Aim of the task
Take the material below and output exactly the run of lines from the one containing "EMPOTRALE RECTANGULAR 2" down to the one containing "Aquarelllavender lila Hochzeit Einladung", with both included.

Supplied information
━━━━━━
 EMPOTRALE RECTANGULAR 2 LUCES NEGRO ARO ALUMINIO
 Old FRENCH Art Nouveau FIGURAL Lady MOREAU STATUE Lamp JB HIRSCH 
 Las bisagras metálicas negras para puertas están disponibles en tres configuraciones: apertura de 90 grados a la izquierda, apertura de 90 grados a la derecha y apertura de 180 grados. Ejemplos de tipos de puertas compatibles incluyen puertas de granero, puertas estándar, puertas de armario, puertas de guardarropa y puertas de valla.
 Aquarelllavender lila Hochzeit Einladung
━━━━━━
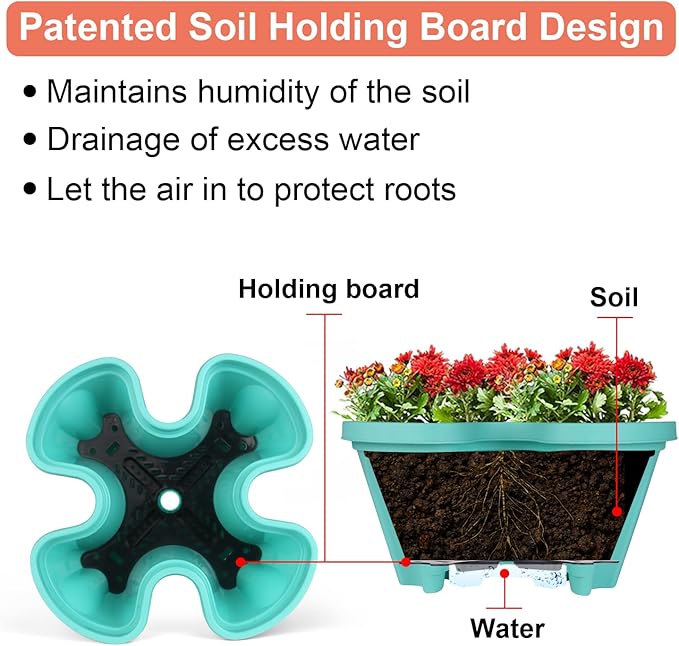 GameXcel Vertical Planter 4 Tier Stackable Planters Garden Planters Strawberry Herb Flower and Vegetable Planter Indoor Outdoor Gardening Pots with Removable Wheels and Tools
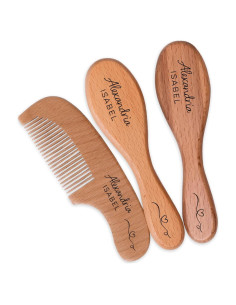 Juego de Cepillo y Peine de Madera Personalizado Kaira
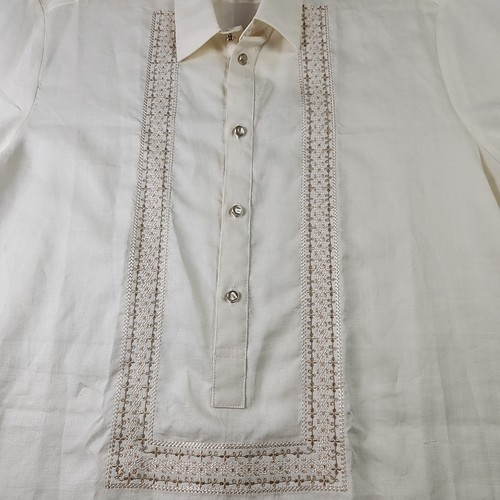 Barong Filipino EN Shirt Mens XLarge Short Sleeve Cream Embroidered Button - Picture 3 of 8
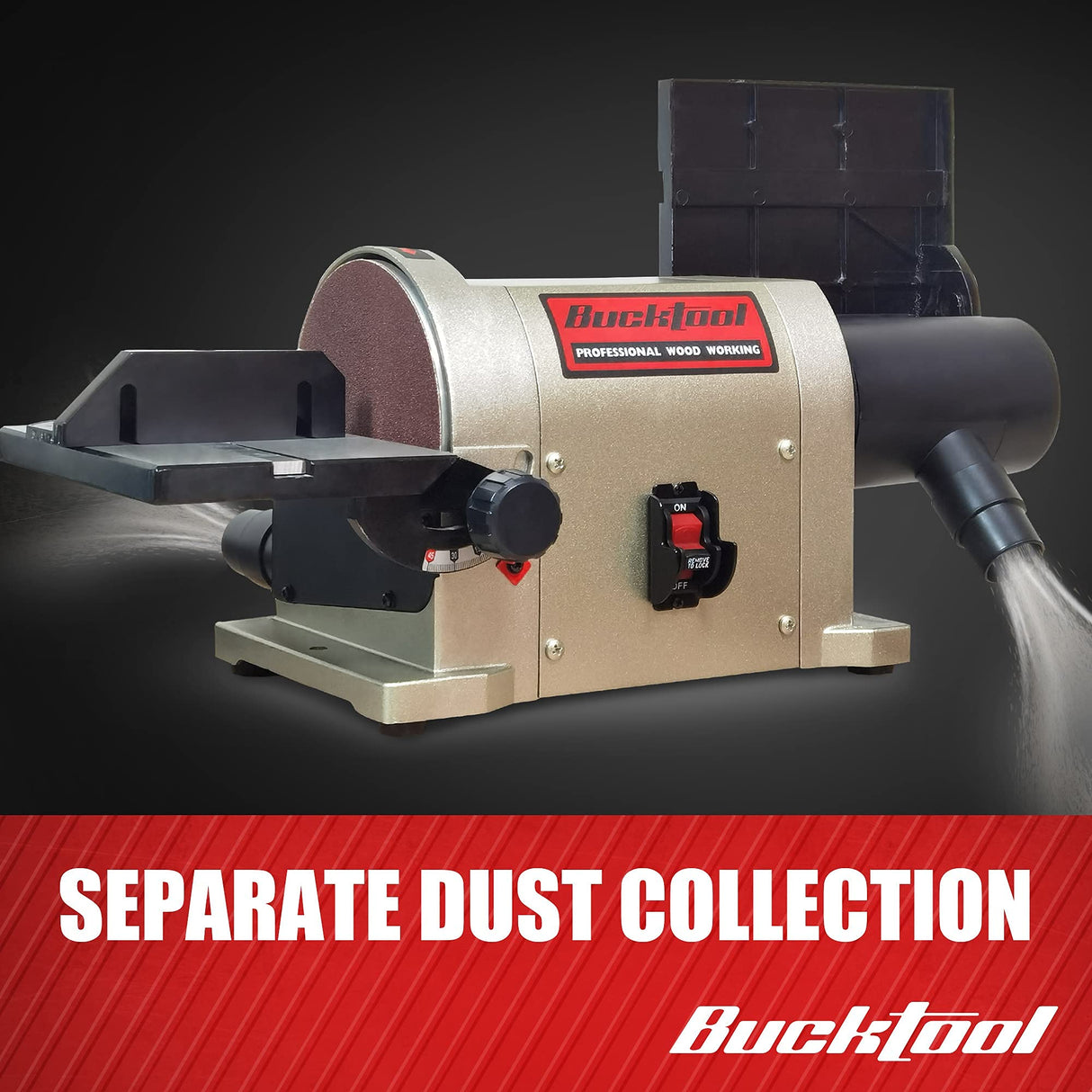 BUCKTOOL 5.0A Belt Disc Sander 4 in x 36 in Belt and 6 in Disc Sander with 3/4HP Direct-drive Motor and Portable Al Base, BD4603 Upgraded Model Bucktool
━━━━━━
Problem solution
 EMPOTRALE RECTANGULAR 2 LUCES NEGRO ARO ALUMINIO
 Old FRENCH Art Nouveau FIGURAL Lady MOREAU STATUE Lamp JB HIRSCH 
 Las bisagras metálicas negras para puertas están disponibles en tres configuraciones: apertura de 90 grados a la izquierda, apertura de 90 grados a la derecha y apertura de 180 grados. Ejemplos de tipos de puertas compatibles incluyen puertas de granero, puertas estándar, puertas de armario, puertas de guardarropa y puertas de valla.
 Aquarelllavender lila Hochzeit Einladung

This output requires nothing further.